How Fluoride Works
Archeologists know that tooth decay was rare in human beings until the Renaissance, when refined sugar became available to wealthy people. The problem became epidemic during the industrial revolution as sugar consumption increased among the entire population of industrialized societies. Queen Elizabeth I was known to have a fondness for sugar, and suffered greatly from tooth decay.
Until 1757, medical practitioners believed cavities were caused by worms. In 1556 Pope John XXI recommended inhalation of smoke from burning henbane seeds to kill the worms and assuage the pain. When dentistry became a recognized profession, researchers zeroed in on two potential causes for tooth decay: 1) bacteria, and 2) diet. It turns out both causes are correct.
The bacterium Streptococcus mutans colonizes tooth surfaces, forming plaque. They metabolize and ferment sugar, releasing acid in the process. The acid dissolves the mineral apatite which comprises tooth enamel, forming a cavity.
Fluoride forms a complex with the apatite mineral of the tooth enamel. The fluoro-apatite complex is much more acid-resistant than normal apatite, and forms a protective veneer on the teeth. Fluoro-apatite forms much more quickly than the body can naturally re-mineralize the teeth.

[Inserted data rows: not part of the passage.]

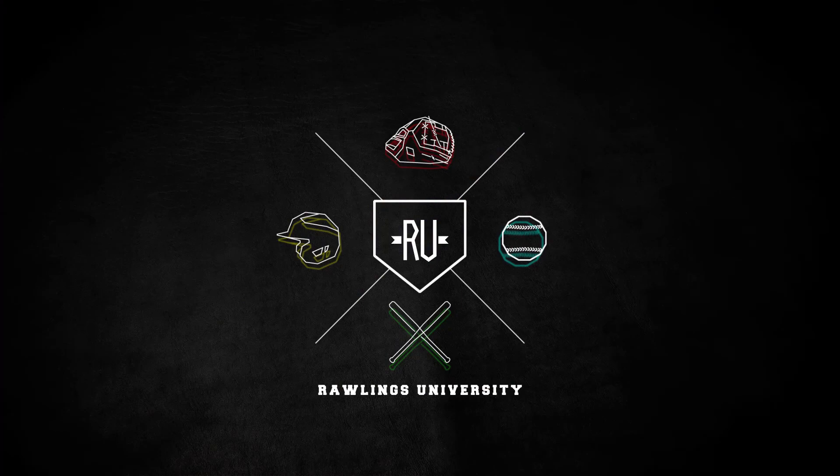Both of the gloves are incredible quality. We sell both of our gloves to our pro players. Right now the split is about 50-50, Pro Preferred vs. Heart of the Hide for our pro players. It comes down to personal preference and ultimately what you can afford to pay for a ball glove.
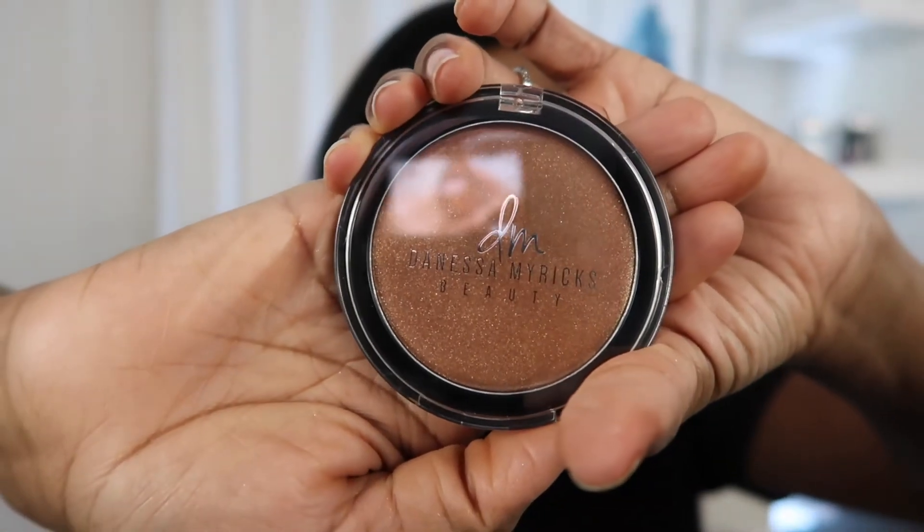After the illuminating veil, she went in with her Dew Wet product and layered that right over the top of the loose powder she just laid down. She said it's not supposed to disturb the product underneath, so we are going to put that to the test and apply it to the areas where we put down our illuminating and loose highlighter. This one is in the color Hot Water. I'm a little nervous to put this on top of the product — I don't want it to move it.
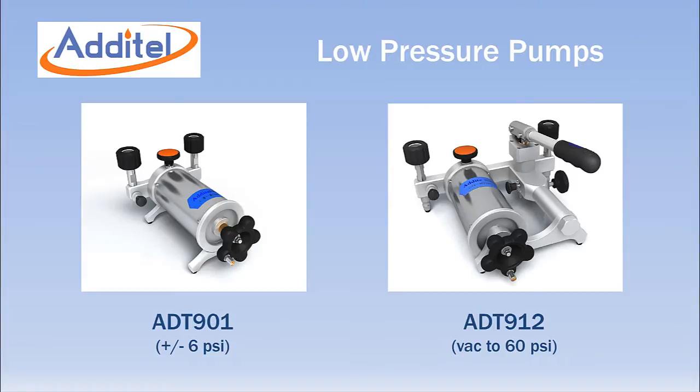The Aditel ADT901 and ADT912 are specifically designed for low pressure pneumatic calibration and testing. The ADT901 covers the range of plus or minus 6 psi or 165 inches of water.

The original fluoride researchers felt the protective mechanism was entirely systemic (within the body). This has proved to be wrong. The primary protection mechanism is now known to be topical (on the surface of the tooth), but evidence for systemic protection continues to be revealed by research. An October 2010 article appearing in the American Journal of Public Health reports a strong relationship between fluoride levels in a resident’s county at the time of their birth, with tooth loss as an adult. It seems that fluoride exposure at birth affects tooth loss at age 40 and older, which is evidence for a systemic mechanism.
Fluoridation of municipal drinking water at safe levels (~1 part per million) provides dental protection through both topical and systemic mechanisms. This has helped reduce rates of tooth decay in the U.S. to the frequency archeologists observe in skeletons from 1000 years ago.